Hi All, I have a Grizzly G0704 mill and was using it for some fairly heavy work this weekend.  Afterward I noticed a couple of "issues" that I don't think existed before...

First, after doing some heavy side cutting with an end mill (imagine a side cut on a .750" thick 4041 steel plate taking about a .075" off per pass, quill extended about 1 inch) after a pass was complete it seemed like the quill didn't want to retract very easily.  It's not like it was stuck, just "sticky" when retracted.  After a couple of extensions and retractions it seems fine.  I suspect the operation may have been placing too much side-load on the spindle.
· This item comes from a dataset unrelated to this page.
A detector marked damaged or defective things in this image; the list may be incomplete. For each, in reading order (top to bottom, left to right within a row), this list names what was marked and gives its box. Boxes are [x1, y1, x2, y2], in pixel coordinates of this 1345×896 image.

Also, after completing the work, I was left with the impression that spindle wasn't as easy to spin (by hand) as it was prior.  It spins in the normal (clockwise) direction fairly easily, but it seems like spinning it in reverse is more difficult that I remember it being prior to this weekend.  This led me to running the spindle (under power) in reverse (something I've probably not done since the initial mill break in when it was new (about 18 months ago)).  In reverse the spindle is turning at about half the speed it turns in forward, and there seems to be a "noise" coming from the head which definitely isn't there when it's running in forward, and I doubt was there previously but honestly don't know.
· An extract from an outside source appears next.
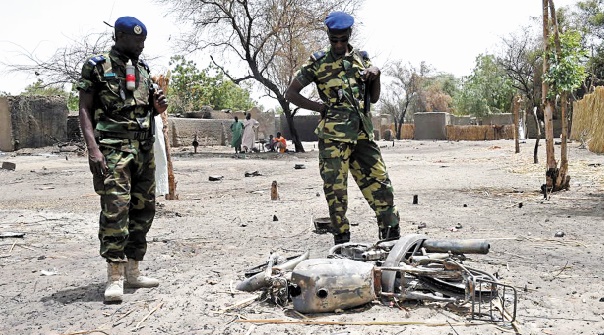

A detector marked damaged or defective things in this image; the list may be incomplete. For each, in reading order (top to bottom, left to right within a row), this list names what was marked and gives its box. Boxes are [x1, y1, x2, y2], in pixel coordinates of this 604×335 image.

burnt metal debris [235, 234, 516, 326]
So, can folks with a G0704 chime in on the following:

1) Does your spindle take about the same force to spin (by hand) forward as in reverse?
2) When you run your spindle in reverse, does it spin at the same RPM as it does in forward (if you don't change the speed adjuster)?

Thanks.


----------



## kd4gij (Oct 7, 2014)

First the spindle does infact spin about half the speed in reverse that is normale. For the second mine is allitle stiffer when turning backwards in gear. Try putting it in nutrial and turning it. And yes you where taking an alfull havey cut for a 704.


----------



## kizmit99 (Oct 7, 2014)

kd4gij said:


> First the spindle does infact spin about half the speed in reverse that is normale. For the second mine is allitle stiffer when turning backwards in gear. Try putting it in nutrial and turning it. And yes you where taking an alfull havey cut for a 704.



Thanks for input!  I'll try your suggestion of putting it in neutral and see how it feels - good idea!


----------